Garret Moddel, an engineering professor at the University of Colorado who has worked extensively with quantum mechanics, warned that the effect "is a very subtle one. It's not a causal effect, it's a correlational effect. What the distinction between those two is requires a rather patient and detailed explanation."
"People tend to think that quantum entanglement means that when I shake one particle, I'll be able to see the effect on another, but that's not so," he said. "It's been shown quite rigorously that you cannot use quantum entanglement to convey information, only to convey correlation. So, it's not a signaling mechanism."
"It's possible that psi and the whole world works by correlation and not transfer of information in a causal way, but that's a much deeper discussion."
2. Consciousness Is Not Necessarily the Key to Collapsing the Wave-Function
The observer effect in quantum physics is often seen as the most shocking and interesting aspect of quantum physics. The outcome of a particular action—the wave-function collapse—is suspended until it is observed. This seems to suggest that human consciousness is able to physically affect an experiment. But, Moddel warned, it is not generally thought by physicists that consciousness is necessary to collapse the wave-function.
A detector is sufficient, as most physicists see it. Of course, it is possible that a human checking the detector is the key, but quantum physics as it is generally conceived does not currently hold this to be necessary.
Astrophysicist Mario Livio also discussed this misconception in a post on NASA's "A Curious Mind" blog. He wrote: "Perhaps the most common misconception is that the observer plays a crucial role in the uncertainty principle—namely, that the principle really stems from the influence of the observer of the phenomenon being observed. This misunderstanding has even led some to conclude that the principle could be directly applied to a variety of everyday experiences."
3. It Doesn't Only Describe the Subatomic Level
Achim Kempf, a professor of mathematical physics at the University of Waterloo in Canada, explained via email that quantum physics does not only describe phenomena at very small scales and only in special circumstances.
"In reality, quantum physics determines most of what we see in daily life, such as the color, elasticity, and heat capacity of everyday things such as water, rocks, metals, and also biological matter. On larger scales, the way in which stars, in their interior, fuse primordial hydrogen into the elements of the periodic system is also governed by quantum physics," he said.
Furthermore, researchers speculate that our universe may have inflated so rapidly during its genesis that quantum fluctuations were "dragged along and thereby stretched to cosmological size."
"Our universe itself may have arisen from a quantum fluctuation inside a mother universe," he said. Though this hypothesis fits with the current standard model of cosmology, however, no concrete evidence has supported it so far, Kempf said.
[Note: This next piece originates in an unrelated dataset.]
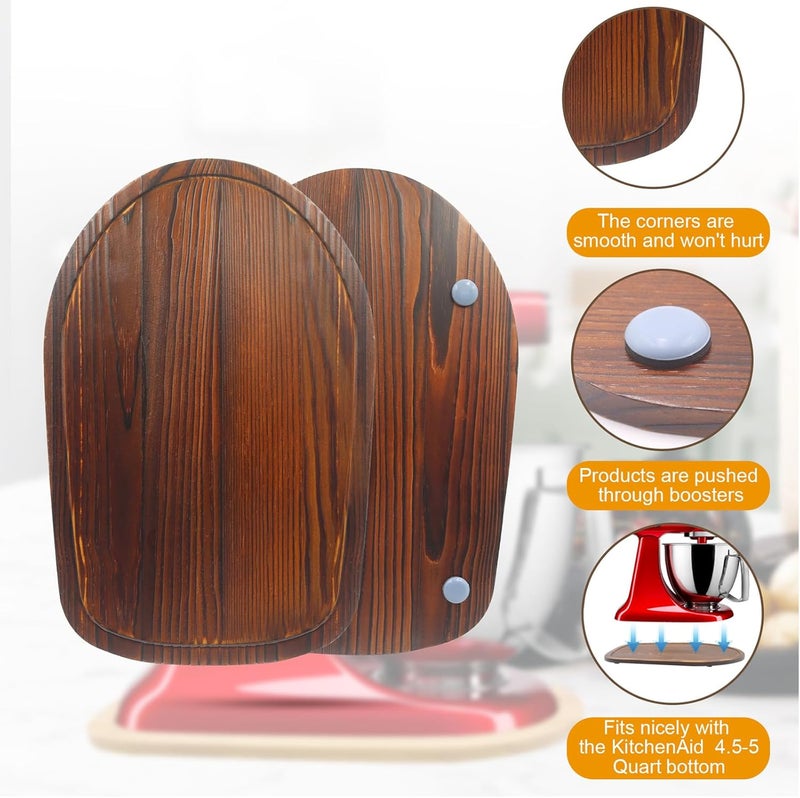 حصيرة منزلقة للخلاط من الخيزران لـ Tilt Head Kitchen Aid 4.5-5 Qt Stand Mixer، حصيرة منزلقة للأجهزة لـ Kitchenaid Artisan 4.5-5 Qt، ملحقات تخزين سطح المطبخ ملحقات صينية النقل (بني) - Image 3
4. Speaking of a 'Wave-Particle Duality' Is Not Exactly Correct
It's a popular conception that in quantum mechanics microscopic objects, such as electrons or photons, are neither pure particles nor pure waves—they are both waves and particles. In some conditions they behave as waves, in some conditions, they behave as particles.
Serious textbooks on quantum mechanics, however, only talk about waves, or wave-functions, noted theoretical physicist Hrvoje Nikolic of the Rudjer Boskovic Institute in Croatia in a 2008 paper titled, "Quantum Mechanics: Myths and Facts."
"Electrons and photons always behave as waves, while a particle-like behavior corresponds only to a special case. In this sense, the wave-particle duality is nothing but a myth," he said. We can say that electrons and photons are "particles," if we keep in mind that "the word 'particle' has a very different meaning than the same word in classical physics," Nikolic said. But this is a matter of linguistics. They are waves according to the usual interpretation.
The De Broglie-Bohm interpretation of quantum mechanics, he said, comes close to a kind of wave-particle duality, but it still treats "particles" very differently than "particles" are treated in classical physics. The De Broglie-Bohm is not one of the most popular interpretations.